EXERCISE DATA:

· · · · ·

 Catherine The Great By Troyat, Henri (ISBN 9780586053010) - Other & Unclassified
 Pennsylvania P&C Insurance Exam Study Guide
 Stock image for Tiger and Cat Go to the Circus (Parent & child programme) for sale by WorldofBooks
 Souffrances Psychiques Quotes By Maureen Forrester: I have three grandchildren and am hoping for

· · · · ·

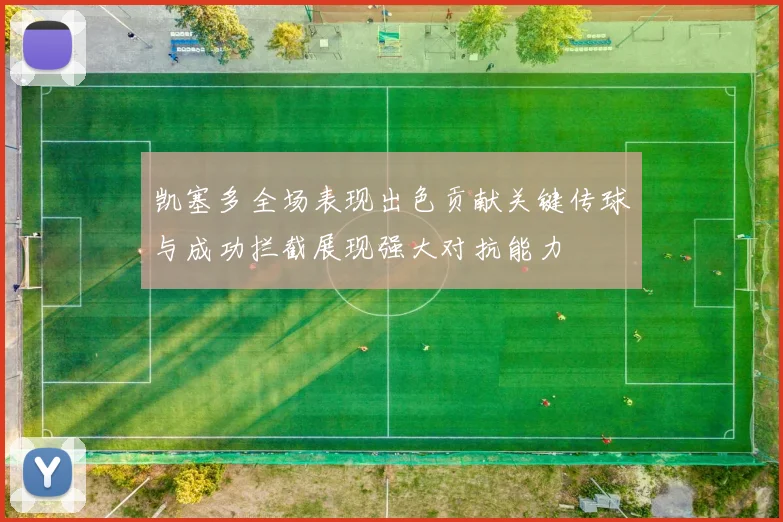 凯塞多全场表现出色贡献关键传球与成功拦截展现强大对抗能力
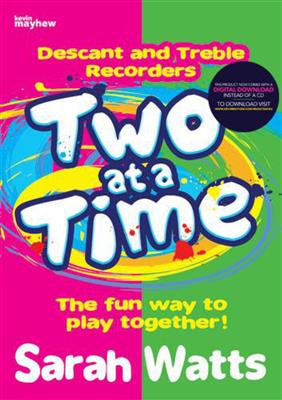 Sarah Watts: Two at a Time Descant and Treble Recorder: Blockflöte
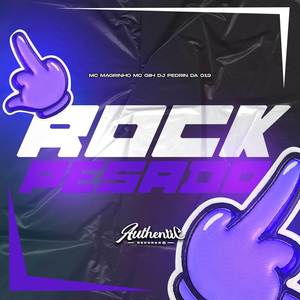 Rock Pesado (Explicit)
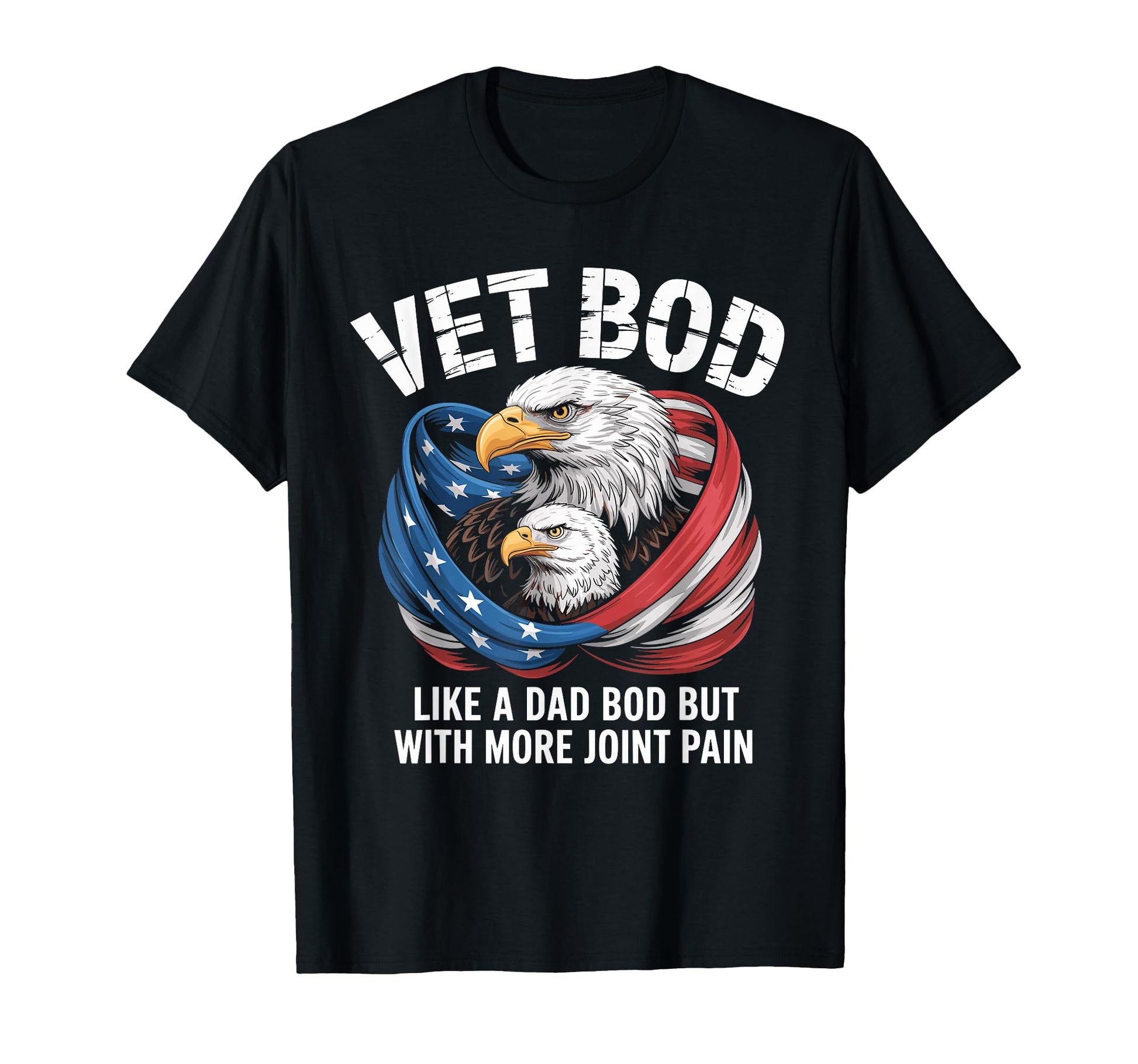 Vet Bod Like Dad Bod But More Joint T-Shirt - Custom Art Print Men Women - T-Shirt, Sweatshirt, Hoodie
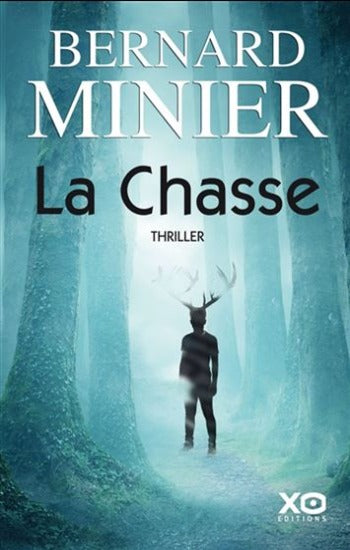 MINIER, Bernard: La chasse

· · · · ·

EXERCISE DIRECTIONS: When you reach the line with "Sarah Watts: Two" in the records above, start writing out each line exactly, and stop after the line with "MINIER, Bernard: La chasse". Pictures stay out.

YOUR SOLUTION:
 Sarah Watts: Two at a Time Descant and Treble Recorder: Blockflöte
 Rock Pesado (Explicit)
 Vet Bod Like Dad Bod But More Joint T-Shirt - Custom Art Print Men Women - T-Shirt, Sweatshirt, Hoodie
 MINIER, Bernard: La chasse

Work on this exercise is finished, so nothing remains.